--- WHAT IS REQUIRED ---
Starting at the line that holds "Empenas Como Mural", quote every line through the end of the records, both boundary lines included. Omit the pictures.

--- RECORDS PROVIDED ---
· · · · · · ·

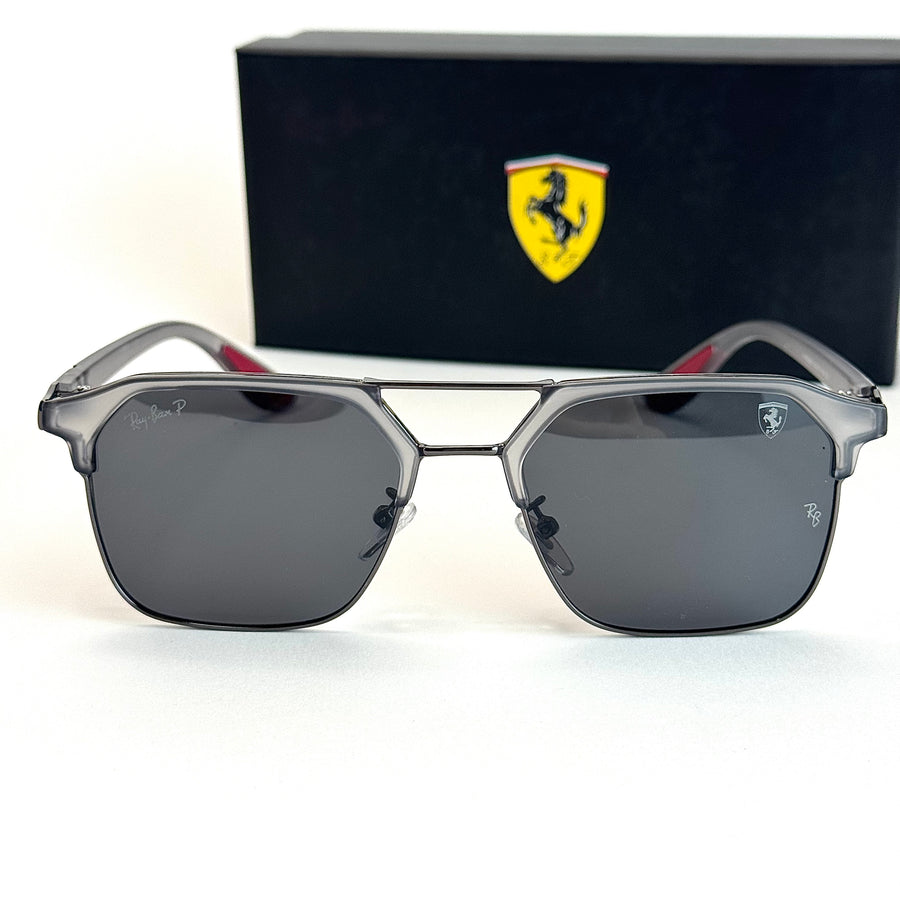 Ray-Ban RB4365M Ferrari – Black Gold Gradient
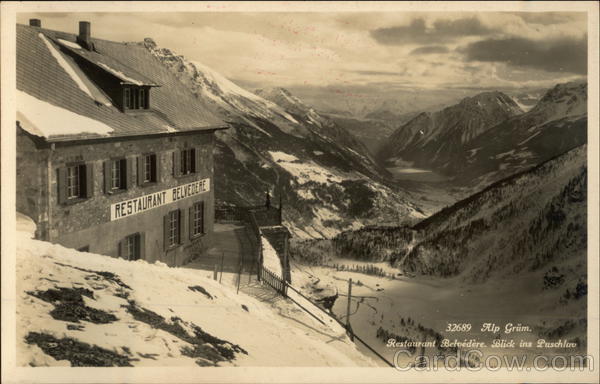 Restaurant Belvedere Alp Grum Switzerland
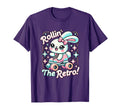 Rollin Skater Bunny Rabbit Roller T-Shirt - Custom Art Print Men Women - T-Shirt, Sweatshirt, Hoodie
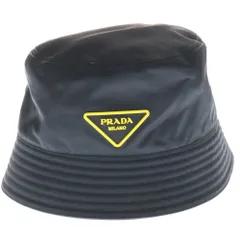 PRADA プラダ ブラック バケットハット ヴィンテージ加工　メンズLサイズ PRADA プラダ メンズ－帽子 ハット バケットハット 2HC137 2DMI (PRADA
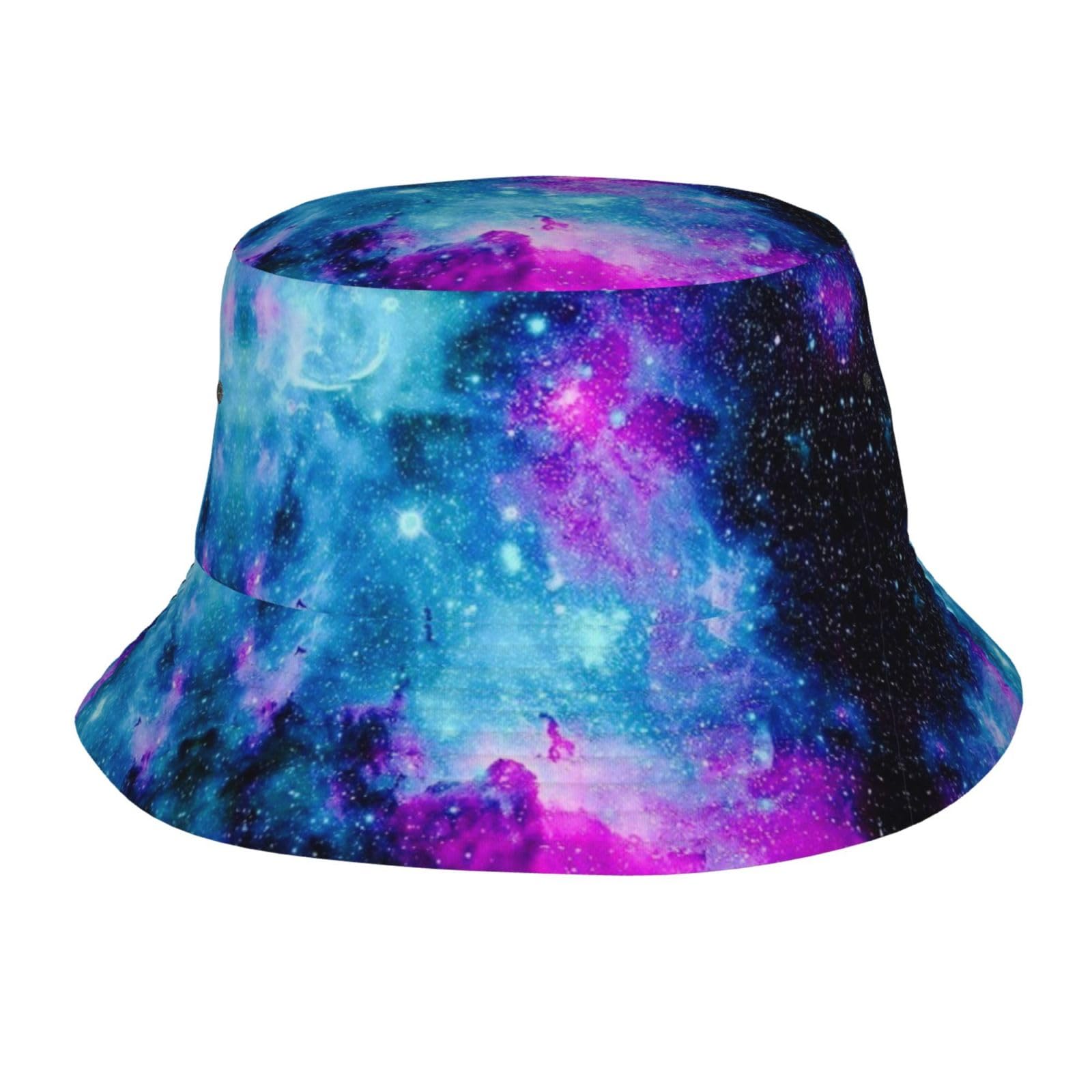 JAYWIS Cool Star River Print Bucket Hat Adult,Unisex Bucket Hat Summer Travel Short Brim for Men Women Teens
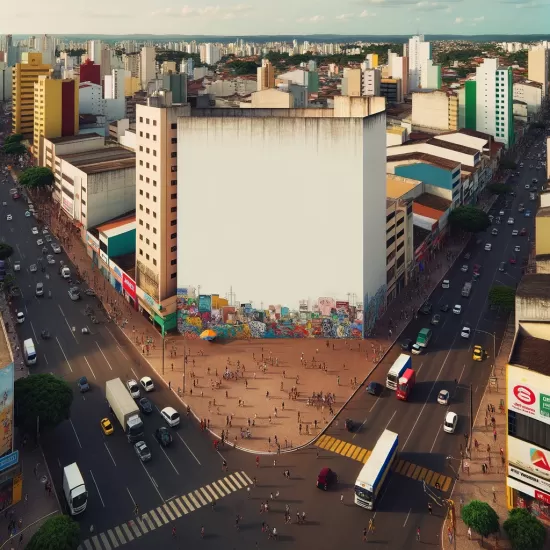 Empenas Como Mural de Arte Urbana em Nova Igua&ccedil;u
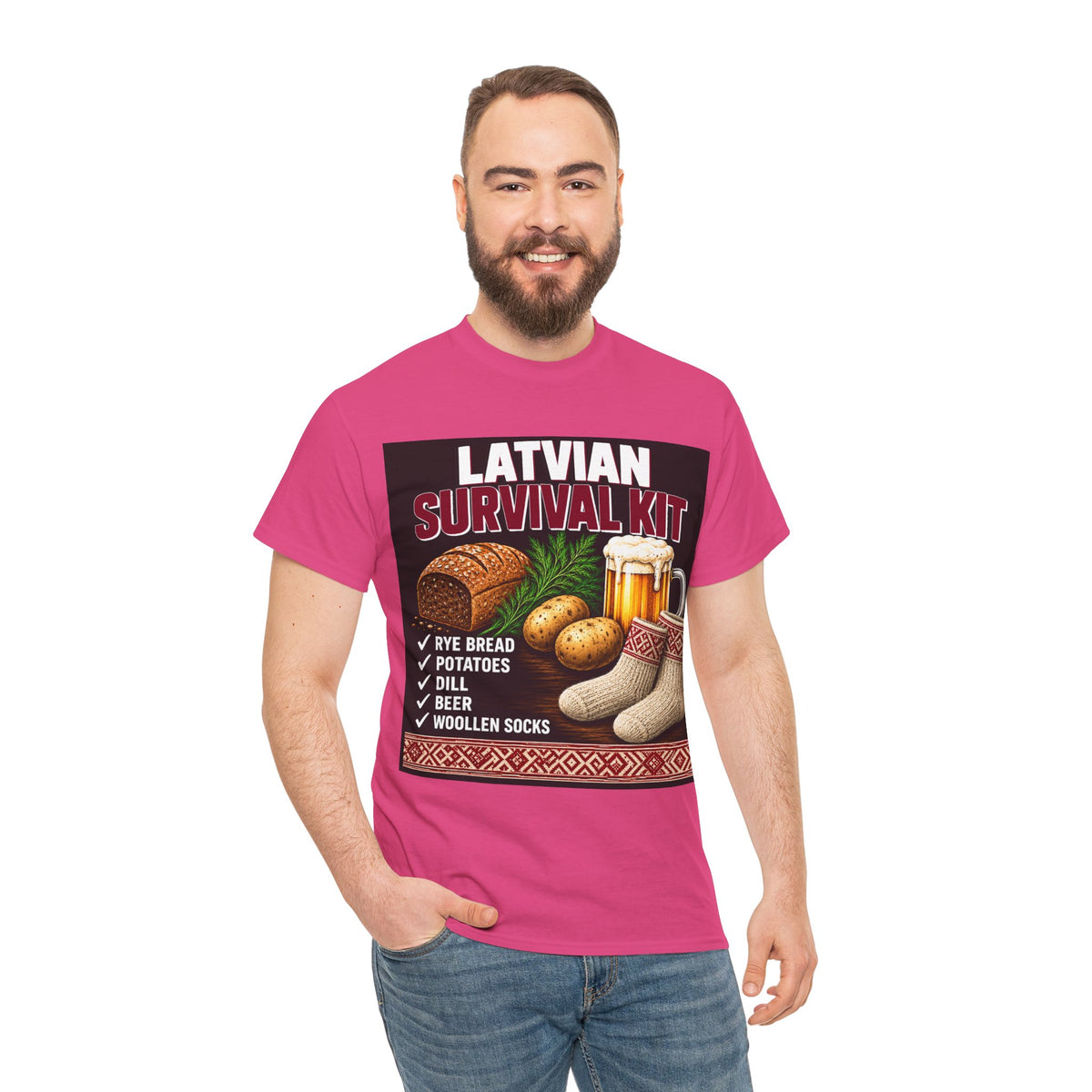 Latvian Survival Kit T-Shirt | Funny Latvian Gift | BalticAF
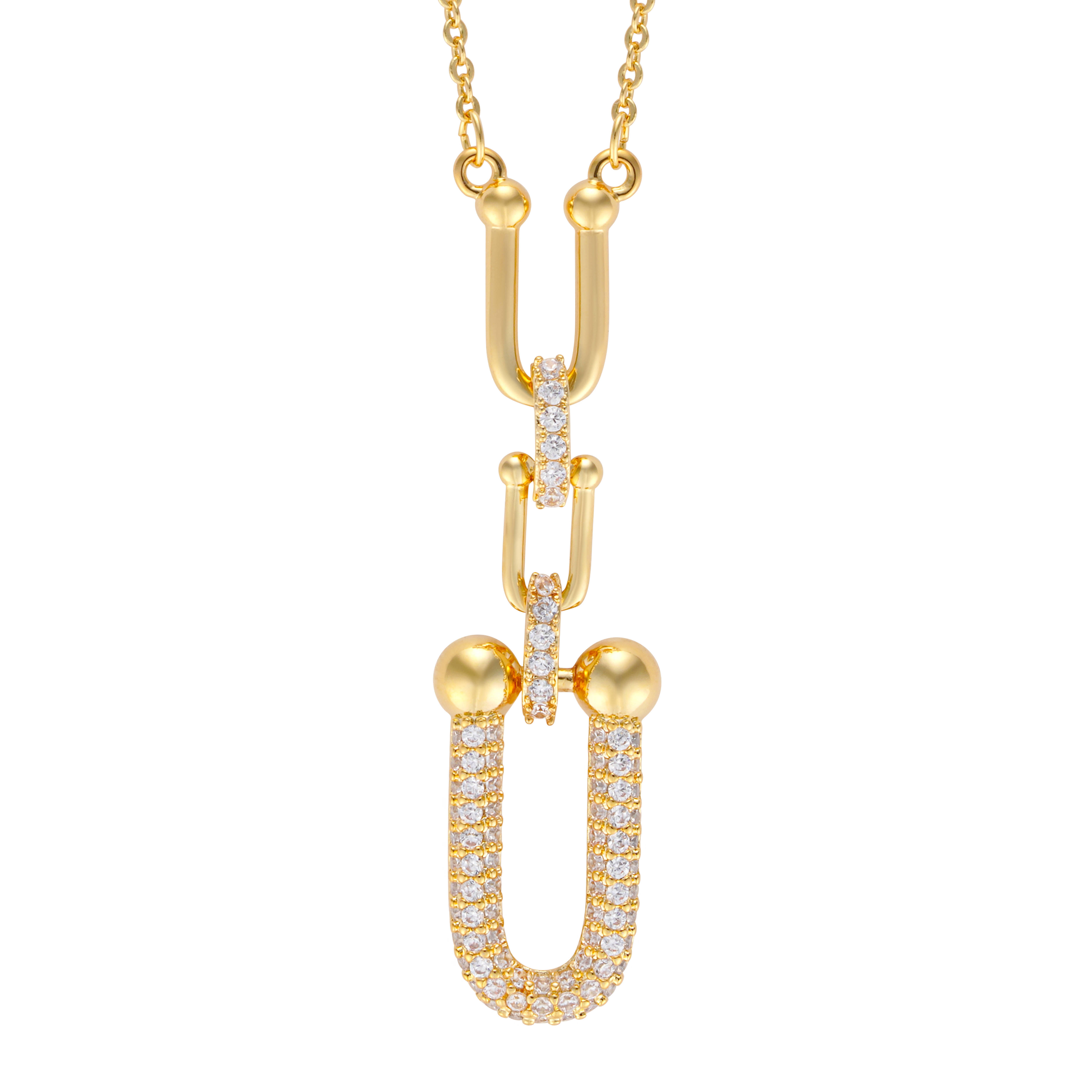 عقد - ذهبي ابيض - 0 image 1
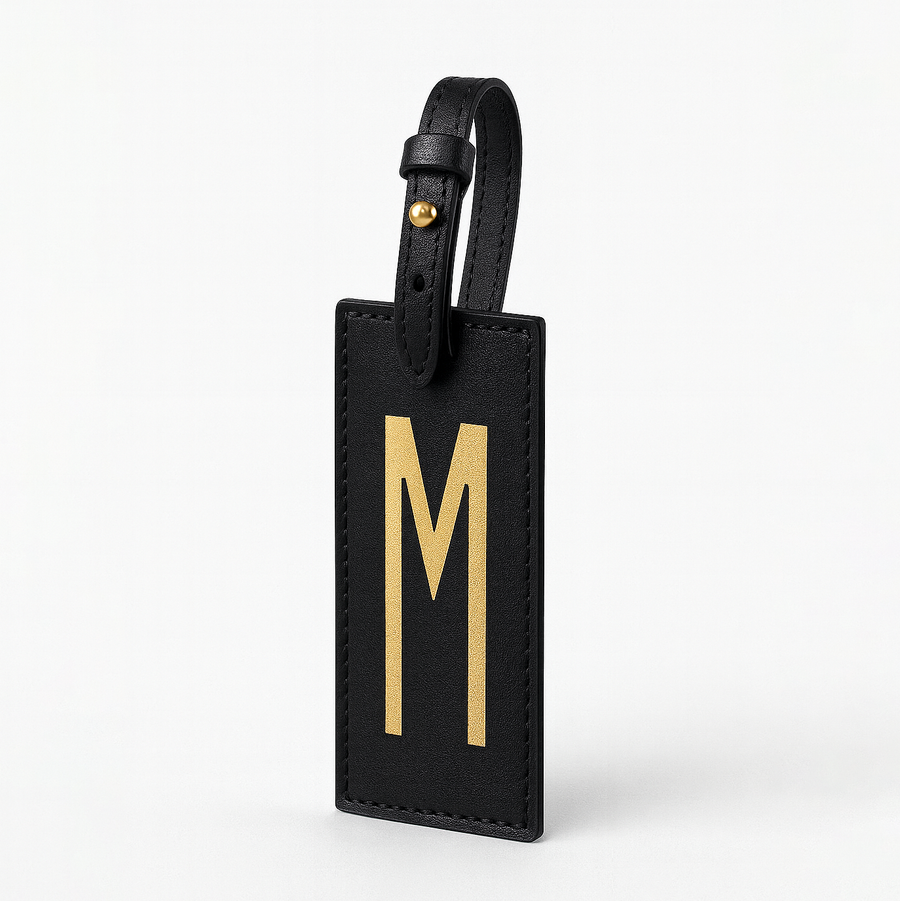 Personalized Leather Luggage Tag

· · · · · · ·

--- ANSWER BOX ---
 Empenas Como Mural de Arte Urbana em Nova Igua&ccedil;u
 Latvian Survival Kit T-Shirt | Funny Latvian Gift | BalticAF
 عقد - ذهبي ابيض - 0 image 1
 Personalized Leather Luggage Tag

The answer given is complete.